Up to $1.1 billion lost by state agency due to fraud, auditor’s report says
OLYMPIA – Sen. Jeff Wilson, R-Longview, is calling for legislative hearings on a possible $1.1 billion fraud loss at the state Department of Employment Security, as well as on the governor’s emergency powers.
Wilson, ranking Republican on the Senate State Government and Elections Committee, called on the panel to conduct a work session regarding the massivr fraud, to be held sometime after the current legislative session adjourns. Legislative committees currently are scheduling meetings for the summer and fall, before the 2022 legislative session convenes.
Wilson said it’s time the Legislature started asking questions about the fraud that snarled benefit payments for thousands of Washington residents last year. Last week the state auditor’s office released a report indicating the state’s losses could total $1.1 billion, nearly twice as much as had previously been revealed.
“This is one of the biggest fraud cases in the history of our state, if not the biggest – and it involved the public’s money,” Wilson said. “The fraud was so significant that at a time of record unemployment, tens of thousands of legitimate applicants were kept waiting weeks and even months for benefits. I would think every member of the Legislature would be interested in fully exploring this enormous management failure. Asking a few questions about this billion-dollar fraud would be a good place to start.”
Wilson made the suggestion at a committee meeting Tuesday. Majority Democrats on the committee, however, expressed no enthusiasm about probing an agency under the control of the governor, also a Democrat. The committee’s interim schedule remains undetermined.

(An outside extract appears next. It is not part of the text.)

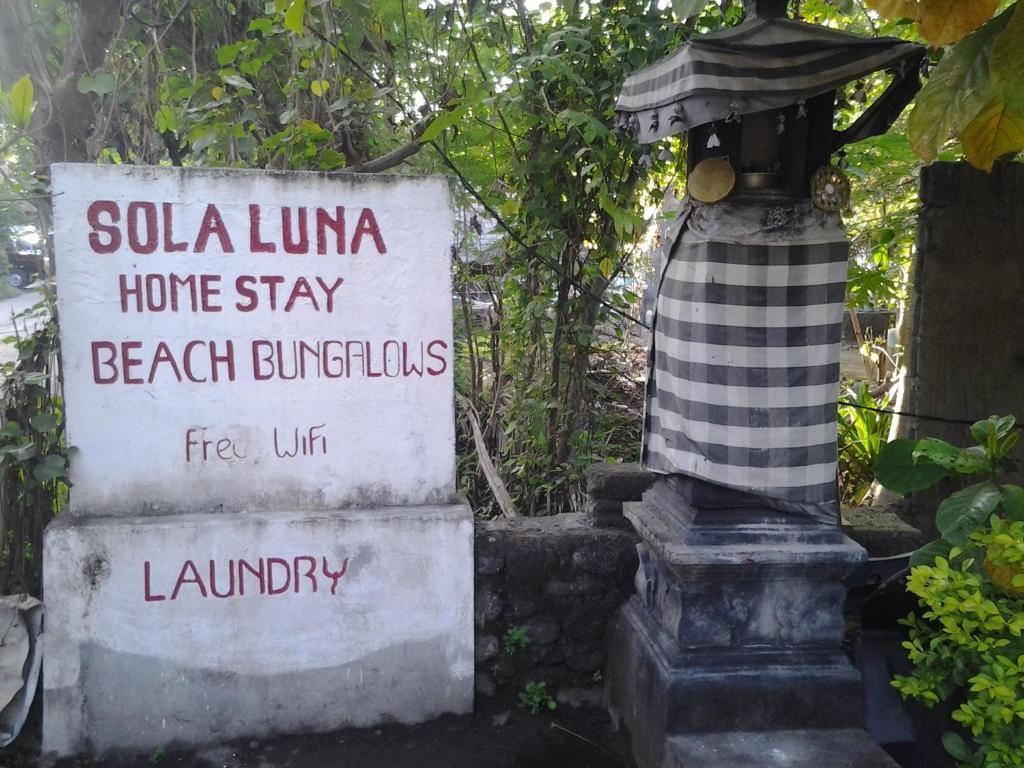 Solaluna Beach Homestay Amed Eksteriør billede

Last year the state Department of Employment Security reported that $646 million had been lost to Nigerian fraudsters who posed as legitimate applicants for unemployment benefits. The performance audit released last week by the state Auditor’s Office found that the agency was unprepared for the fraud, with gaping vulnerabilities in its system, inadequate procedures, and software tools that were not functional. Benefit payments were delayed while the agency reexamined claims and processing procedures. Those who received their first benefit checks in August waited an average of 70 days for their first payment.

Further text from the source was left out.